Il contemperamento del comma 221 L. 208/2015 con il ruolo di “capo della polizia locale” comprensivo delle sue “funzioni statali” e con le primarie finalità anticorruttive è, dunque, inevitabile e necessario poiché quest’ultima norma, anche secondo Anac, non è assoluta e non può viaggiare isolata nello spazio (come a qualcuno piacerebbe che fosse), ma vive e opera all’interno di un ordinamento – quello giuridico – il quale deve essere letto nel suo complesso e come tale non può entrare in contraddizione.

Quindi: Ok, il comandante può ottenere ulteriori incarichi, ma gli stessi non solo non devono porsi in contrasto con altre norme giuridiche (anche regionali, ndr), ma occorre in più che osservino l’obbligo di attenta ponderazione e motivata giustificazione per non comportare, neppure astrattamente, alcun tipo di conflitto di interessi.
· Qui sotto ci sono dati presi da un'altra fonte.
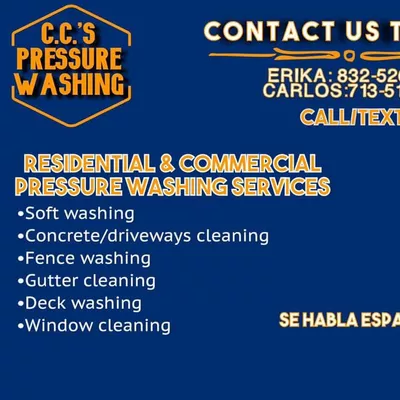 CC’s Pressure washing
Il catalogo legale degli “incarichi vietati al comandante” contenuto a pagina 5 della deliberazione Anac n. 401 del 29 aprile 2020, costituisce quindi un’utile quanto vincolante linea-guida per tutte le amministrazioni locali, le quali dovranno rassegnarsi al fatto che il loro comandante della polizia locale non è il factotum del Comune (dico io: il “sacco dell’indifferenziata” ove ti liberi delle cose che non sai dove buttare, vale a dire gli incarichi che nessuno vuole o quelli più spinosi), ma il funzionario pubblico per eccellenza, l’unico titolare di un “mansionario blindato” che non può essere plasmato a piacere come una pallina di pongo a seconda delle convenienze del momento, quindi quello tra tutti dotato di una sua caratterizzazione specifica, da nessuno manipolabile.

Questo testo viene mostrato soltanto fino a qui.